Corruption in Illinois
Corruption in Illinois has been a problem from the earliest history of the state.[1] Electoral fraud in Illinois pre-dates the territory's admission to the Union in 1818,[2] Illinois was the third most corrupt state in the country, after New York and California, judging by federal public corruption convictions between 1976 and 2012.[3]
Federal
Several members of Illinois's delegation to the United States Congress have been convicted of crimes.
U.S. Senate
- William Lorimer (R) U.S. Senator from 1909 to 1912. The Senate voted that Lorimer's election used corrupt practices and vote buying and declared it invalid. He was then removed from office.(1912) [4][5]
U.S. House of Representatives
- Dan Crane (R), a U.S. congressman from 1979 to 1985, was censured in the 1983 congressional page sex scandal for having sex with a young congressional page.[6] Crane was defeated for re-election in 1984 and returned to dentistry.

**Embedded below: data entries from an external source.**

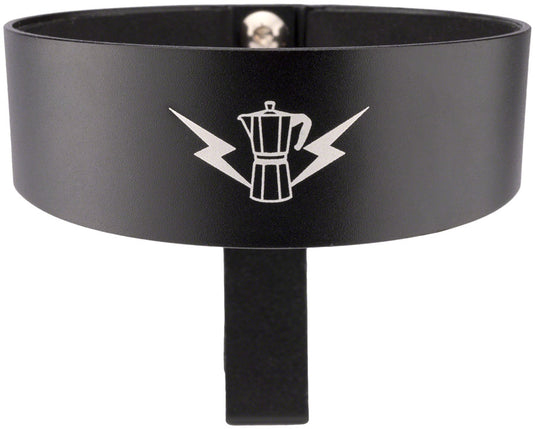 Portland Design Works Barista Cup Holder: 26.0-31.8mm Handlebars, Lightning/Moka Pot Design, Black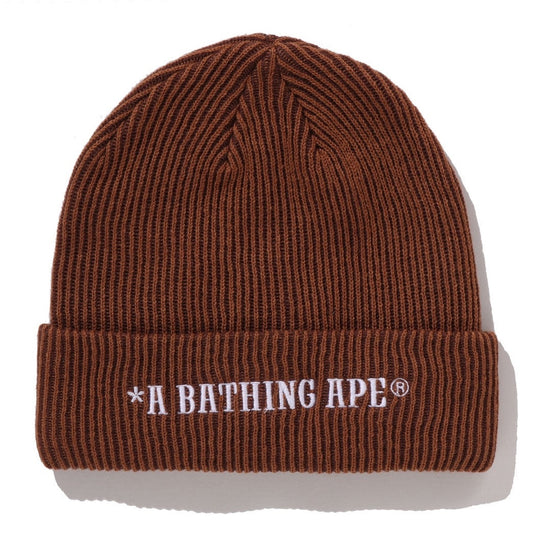 A BATHING APE BAPE A BATHING APE BAPE KNIT CAP BROWN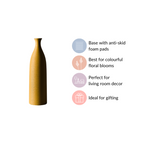 Yellow Textured Ceramic Vase Nestasia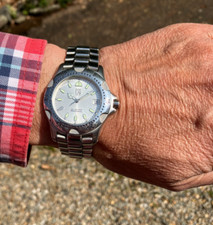 OROLOGIO UOMO ESQUIRE SWISS BY MOVADO ACCIAIO INOX - PER RICAMBI, NON FUNZIONANTE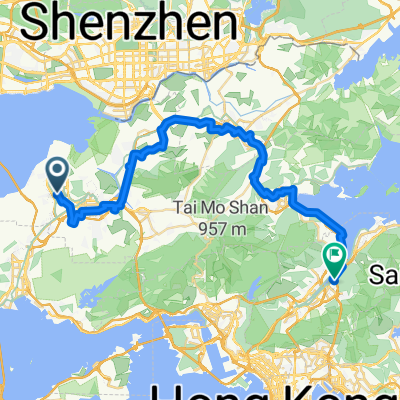 Tin Wu Rd, Tin Shui Wai to On Sum St, Sha Tin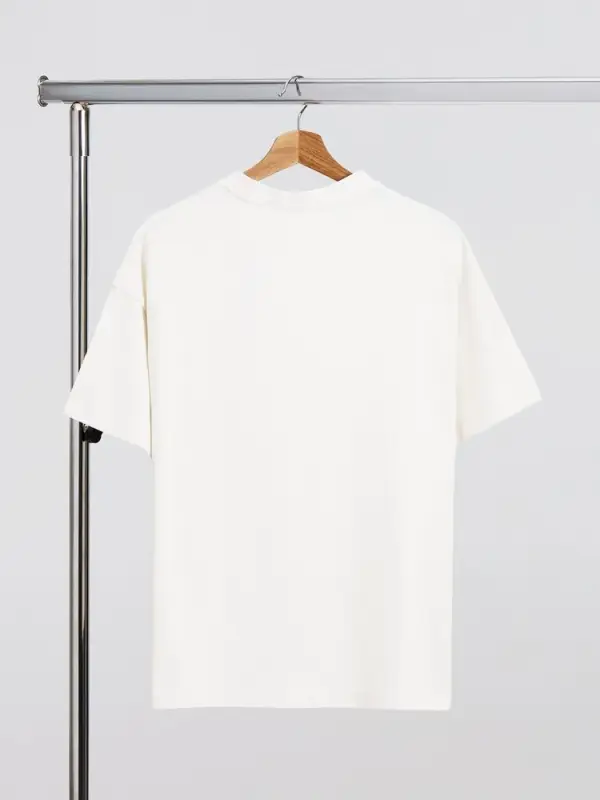 Футболка оверсайз унисекс Sinkopa, молочно-белая, размер XS/S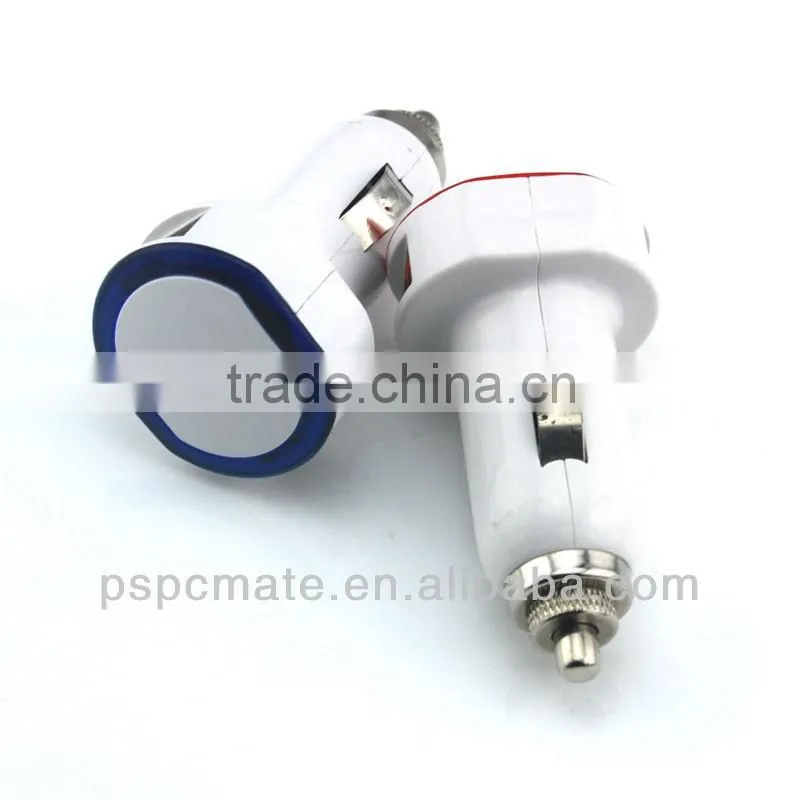 dual usb car charger 5V 2.1A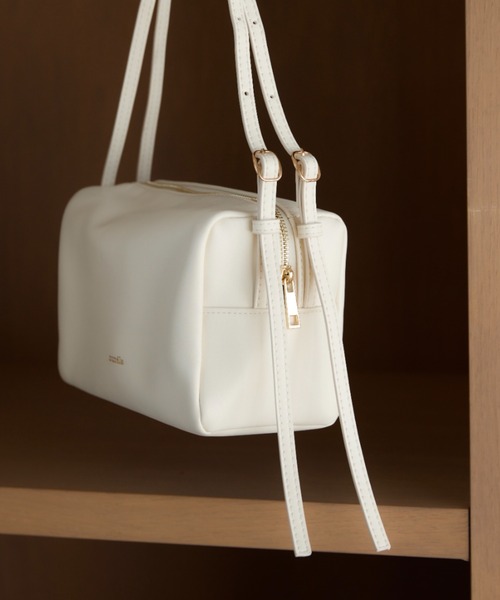 nunela(ヌネラ)の「ダブルベルトボストンバッグ【No.8】(ショルダーバッグ・レディース・ブラウン/ブラック/ナチュラル・FREE)」の20枚目の写真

- Dan Rostenkowski (D) was a U.S. congressman from Chicago for 36 years, from 1959 to 1995. He was chairman of the House Ways and Means Committee from 1981 to 1994. After a federal investigation he was accused of various acts of corruption, such as accepting kickbacks, using official funds for personal expenses, and participating in what became known as the Congressional Post Office scandal. In 1996 he pleaded guilty to two counts of mail fraud and was sentenced to 17 months in prison.[7][8]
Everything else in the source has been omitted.